The Monroe Doctrine — formulated in 1823 — retains a currency here that its defenders rarely make explicit. Operation Absolute Resolve is, in its deep structure, the first armed application of the new twenty-first century Monroe Doctrine: one that no longer needs the pretext of anti-communism but invokes the war on drugs and terrorism instead. What does not change is the underlying logic: the hemisphere as an exclusive sphere of influence, Latin American states as objects of history rather than subjects of law. Against that logic, Article 2(4) of the Charter — now, as we have seen, also enforceable domestic law before federal courts — is the only available institutional firewall. And it is precisely the one the Administration needs Judge Hellerstein to ignore.
VII. What is expected of a judge of genuine integrity
A judge of integrity is not a judge who acquits Maduro because his capture was illegal. Nor is one who convicts Maduro because the Attorney General said he would not escape. A judge of integrity is one who applies the law regardless of the political power promoting the prosecution, who guarantees equality of arms between prosecution and defense, and who states clearly the constitutional and international limits the state has crossed — even when that discomforts the administration that appointed him.
That means, concretely: demanding that the defense have full access to legal funding without Treasury obstruction; holding a substantive hearing on the Toscanino doctrine and the conditions of the capture; seriously analyzing the sovereign immunity argument with reference to international jurisprudence and not solely to the Noriega precedent; ordering a competency evaluation under the Dusky standard and ensuring custodial conditions that prevent further cognitive deterioration; and, in compliance with The Paquete Habana and the constitutional Supremacy Clause, ruling on the compatibility of Operation Absolute Resolve with Article 2(4) of the United Nations Charter as the law of the United States.

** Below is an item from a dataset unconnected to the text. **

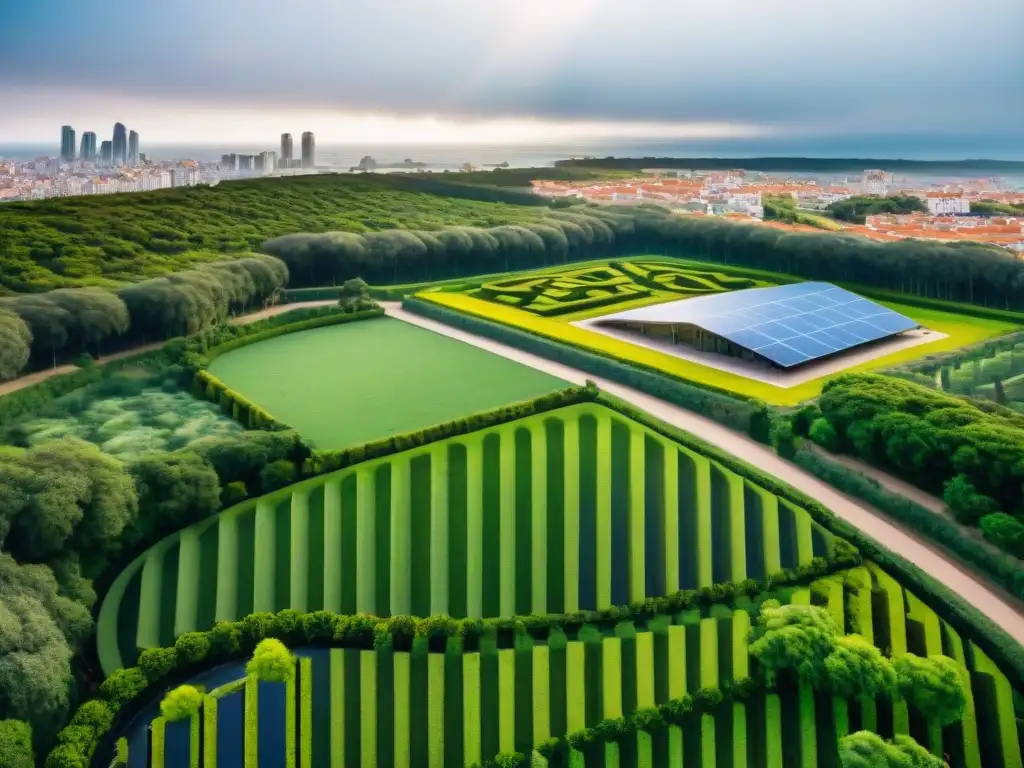 Un parque urbano sostenible en Uruguay, con áreas verdes, paneles solares y personas disfrutando actividades al aire libre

He may do all of that and still conclude that he has jurisdiction and that the proceedings must continue. That conclusion would be debatable but honest. What a judge of integrity cannot do is silence the uncomfortable questions, automatically apply the precedent most convenient for the prosecution, and ignore that the accused arrived in his courtroom in shackles following an operation that violated not only the UN Charter — international law — but the Constitution of the United States itself — domestic law. No jurisprudential precedent excuses that silence. There are, however, 125 years of case law that forbid it.
The criminal trial is the mirror in which a society looks at itself to render judgment on itself. If the mirror is broken in advance — by the irregular capture, by the financial blockade of the defense, by the cognitive deterioration induced through pretrial detention, by the violation of the supreme law of the prosecuting state — what is reflected in it is not justice. It is power.
The world is watching. And not only because of Maduro. It is watching because what is resolved in the U.S. District Court for the Southern District of New York will define, for decades, whether international criminal law is a system of norms applicable to all states, or an instrument of the most powerful against the weakest. The answer to that question will not be given by the jury's verdict: it will be given by the judge in his interlocutory decisions.